ものごとは心にもとづき、心を主とし、心によってつくり出される。もしも清らかな心で話したり行ったりするならば、福楽はその人につき従う。──影がそのからだから離れないように。
すべての事象は心が主導し、心が作り出すものである。もし清らかな心で話し、あるいは行動するならば、影が形に寄り添って離れないように、幸福がその人に付き従う。

詳細解説

世俗の世界において、カルマ(業)は原因としても結果としても非常に重要な役割を果たします。しかし、それを形成する主な原動力は「心」です。
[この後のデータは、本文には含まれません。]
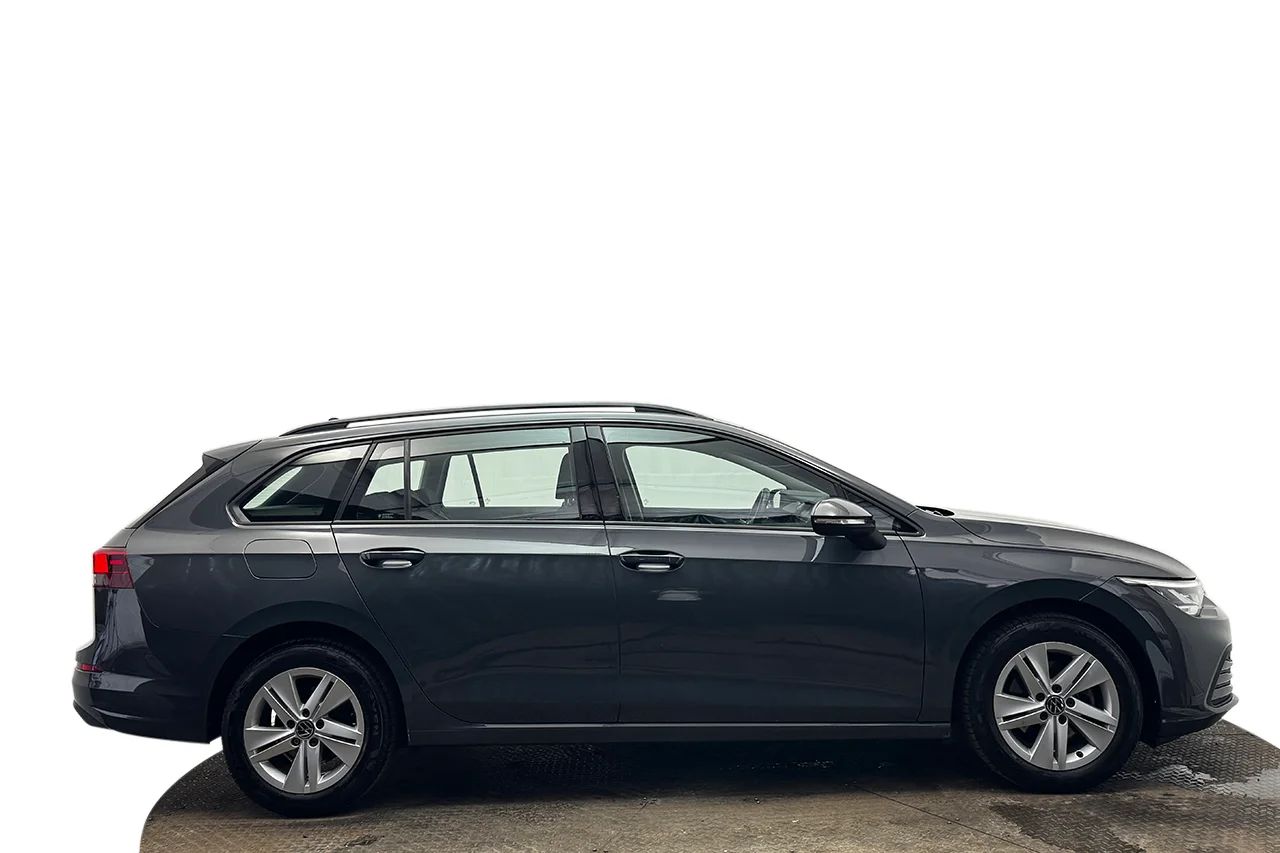 Volkswagen Golf Sportscombi 1.5 eTSI Automat Massage Navi Kamera Cockpit Keyless MOMS 131hk – bild 4 av 36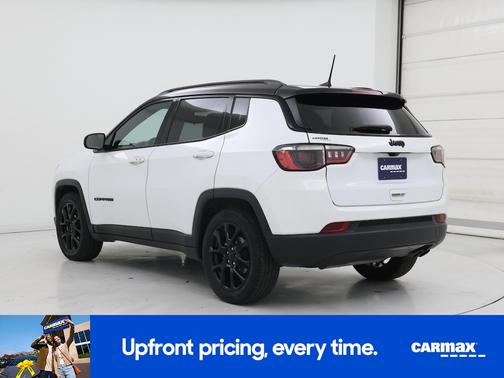 White 2022 Jeep Compass Altitude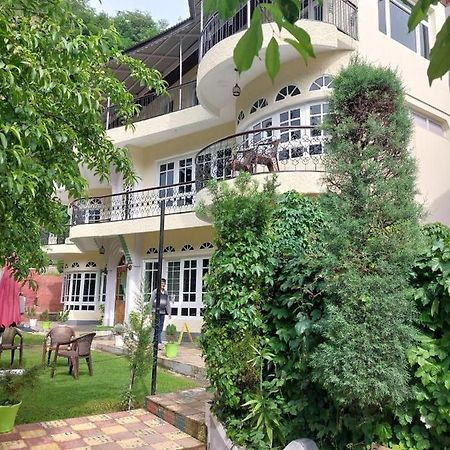 Heritage Rose Inn Durgjan Exterior photo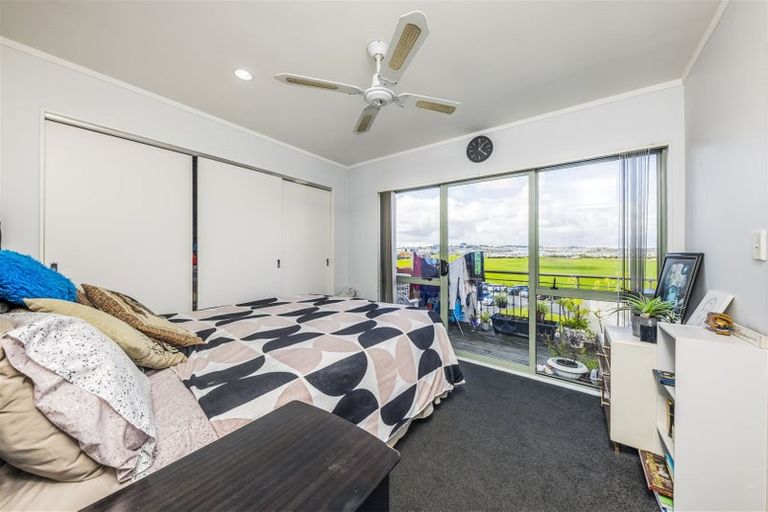 Photo of property in 9/150 Chapel Road, Flat Bush, Auckland, 2019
心はすべての行動を指揮する司令官のような働きをします。したがって、カルマを生み出す行動は、身(身体)、口(言葉)、意(心)という三つの要素の密接な結びつきを通じて行われます。身体と言葉は、心の命令に従って実行するにすぎません。心は絶大な力を持っており、人生における成功や失敗、損得のすべては心が主導して作り出します。もし心が悪を思えば、身体と言葉に悪事を働かせ、世界で見られるような悲惨な暴力や人災といった壊滅的な結果をもたらします。逆に、心が善を思えば、自他に大きな利益をもたらす行動へとつながります。この対となる詩句において、ブッダは善と悪の二つの道筋を明確に示されています。善であれ悪であれ、心が主導してカルマを作り、それが因果の法則に従って結果をもたらすのです。それはまるで、車輪が牛の足跡に従うようなものです。ゆえに、私たちは城を長が守る兵士のように、自身の三業(身・口・意)を厳重に守らなければなりません。油断すれば城が奪われて破滅を招くように、心の怠惰は自他に大きな苦しみをもたらします。逆に、心を厳しく制御し清らかに保つことができれば、真の平安と悟りへと至ることができるのです。